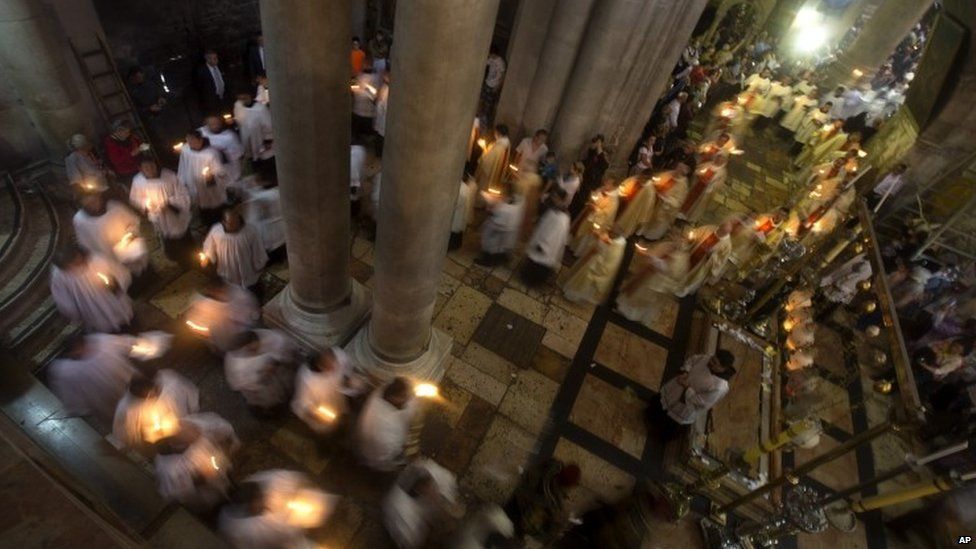 Christian clergymen in the Church of the Holy Sepulchre in Jerusalem on 20 April 2014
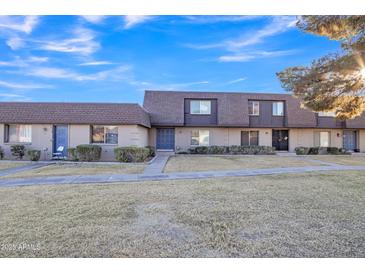 Attractive exterior of a two-story townhome with landscaping at 1732 E Baker Dr, Tempe, AZ 85282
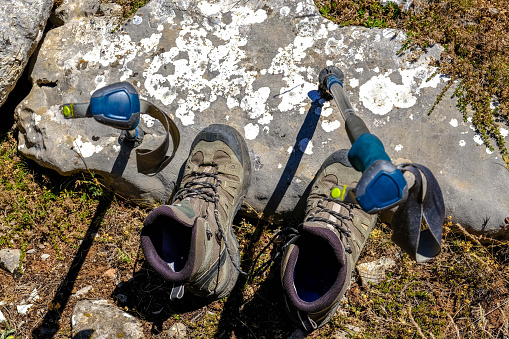 Trekking poles and hiking boots. Hiking gear without people. Nature ground rock and grass. Taken from the top angle.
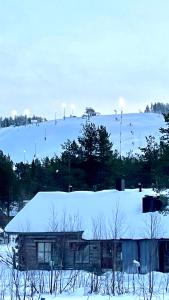 a house with a snow covered roof in a field at Nilimukka in Levi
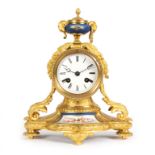 A 19th Century French mantel clock with porcelain mounted urn finial,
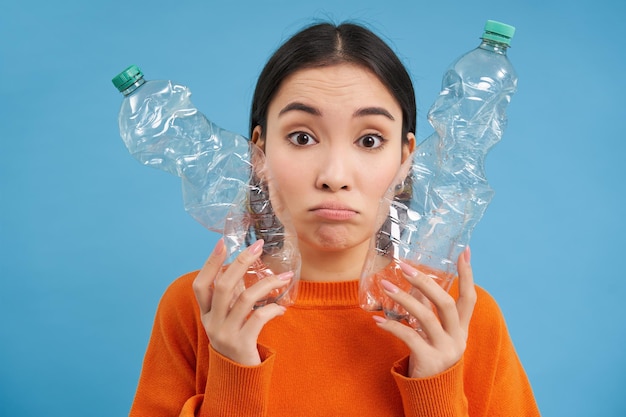 Retrato de una triste mujer asiática con botellas de plástico molesta por la falta de centros de reciclaje de fondo azul.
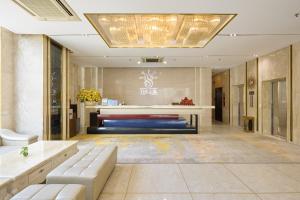 a lobby with a couch and a table in a room at The Sol Hotel in Nha Trang +58 photos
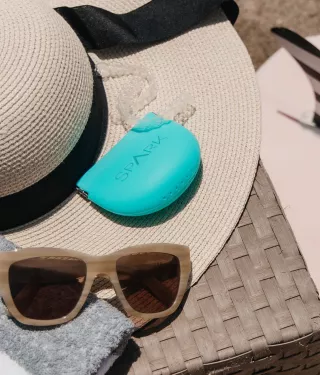 Spark Clear Aligners with a beach hat and sunglasses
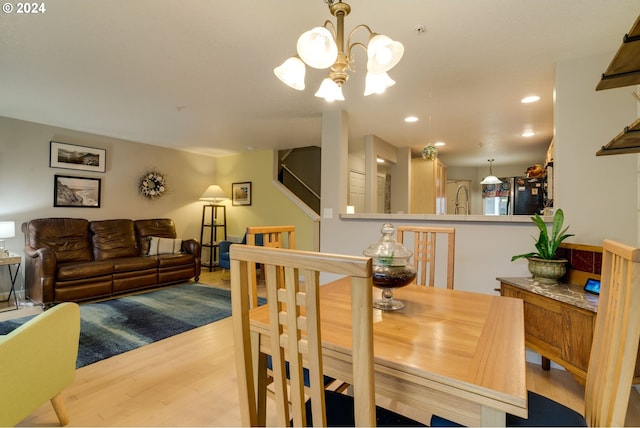 dining space with a notable chandelier and light hardwood / wood-style floors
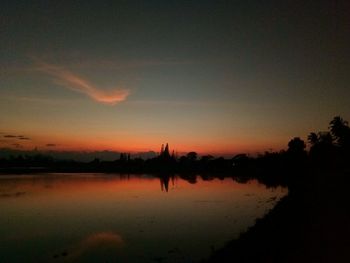 Silhouette trees by lake against sky during sunset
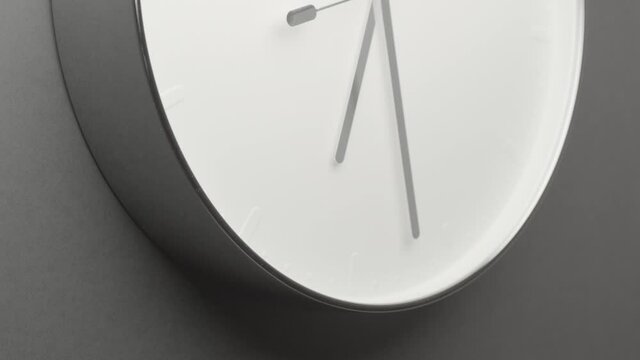 From 6 to 7 Clock Face on Grey Wall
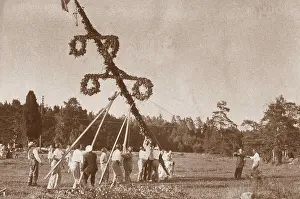 Drucke von Mittsommertradition in den 1930er Jahren. Als Teil der Feierlichkeiten wird ein Maibaum aufgerichtet und hier eine Gruppe von Menschen hebt den Pfosten hoch, bevor sie um ihn herum tanzen beginnen Tanz Drucke: Mittsommertradition in den 1930er Jahren.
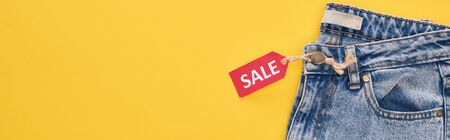 top view of jeans with sale label isolated on yellowの写真素材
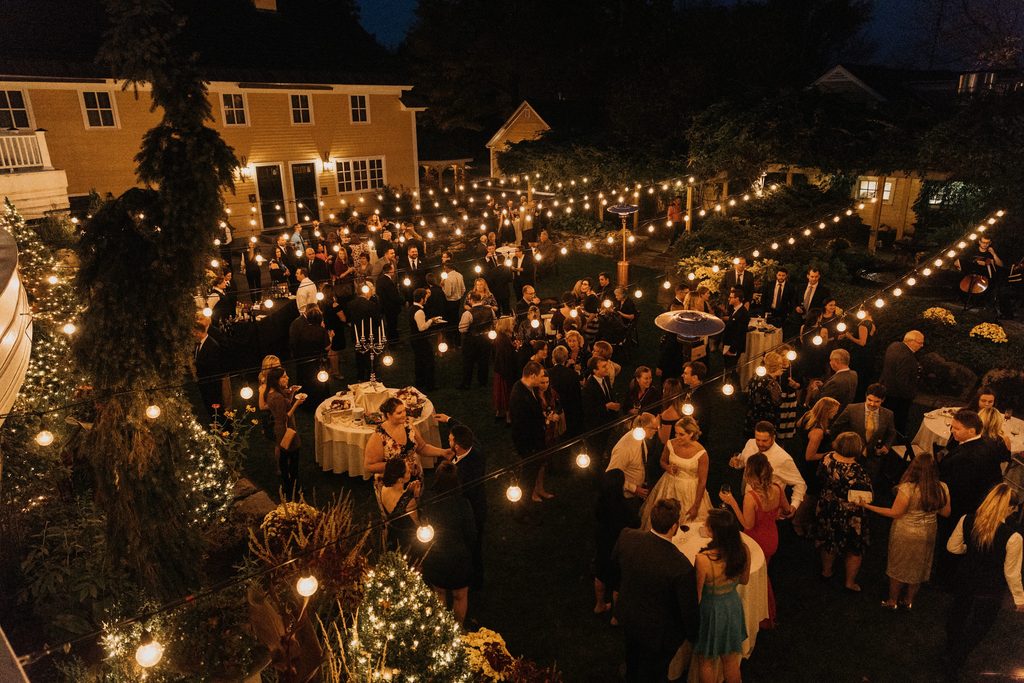 Evening wedding cocktail hour beneath string lights at Bedford Village Inn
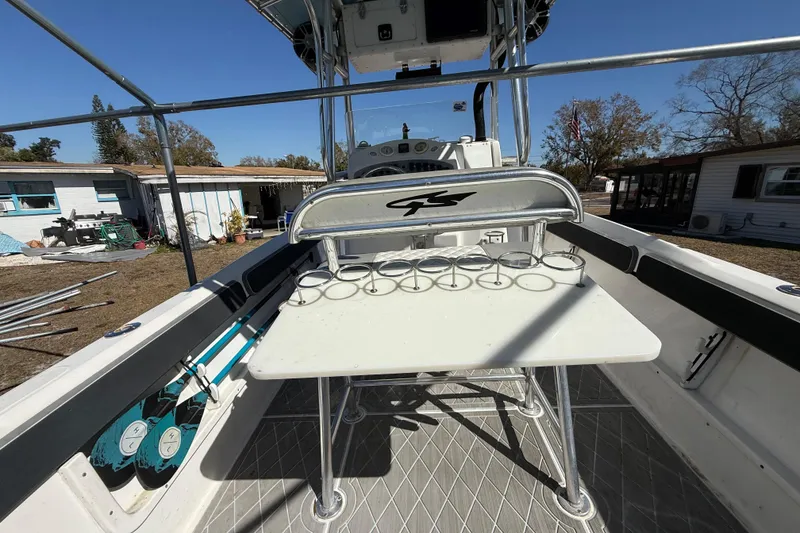 Slide: The Image of 2003 Glasstream 273 SCX boat interior with rod holders and seating. - 75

· · · ·

● **Problem requirements**: Exactly the lines from the start of the entries above through the line with "top view of" should be reproduced, and nothing else; drop the pictures.

● **Result of the task**:
 Christian clergymen in the Church of the Holy Sepulchre in Jerusalem on 20 April 2014
 Attractive exterior of a two-story townhome with landscaping at 1732 E Baker Dr, Tempe, AZ 85282
 Trekking poles and hiking boots. Hiking gear without people. Nature ground rock and grass. Taken from the top angle.
 a house with a snow covered roof in a field at Nilimukka in Levi
 A 19th Century French mantel clock with porcelain mounted urn finial,
 Retrato de una triste mujer asiática con botellas de plástico molesta por la falta de centros de reciclaje de fondo azul.
 a lobby with a couch and a table in a room at The Sol Hotel in Nha Trang +58 photos
 Spark Clear Aligners with a beach hat and sunglasses
 dining space with a notable chandelier and light hardwood / wood-style floors
 Silhouette trees by lake against sky during sunset
 From 6 to 7 Clock Face on Grey Wall
 Drucke von Mittsommertradition in den 1930er Jahren. Als Teil der Feierlichkeiten wird ein Maibaum aufgerichtet und hier eine Gruppe von Menschen hebt den Pfosten hoch, bevor sie um ihn herum tanzen beginnen Tanz Drucke: Mittsommertradition in den 1930er Jahren.
 top view of jeans with sale label isolated on yellowの写真素材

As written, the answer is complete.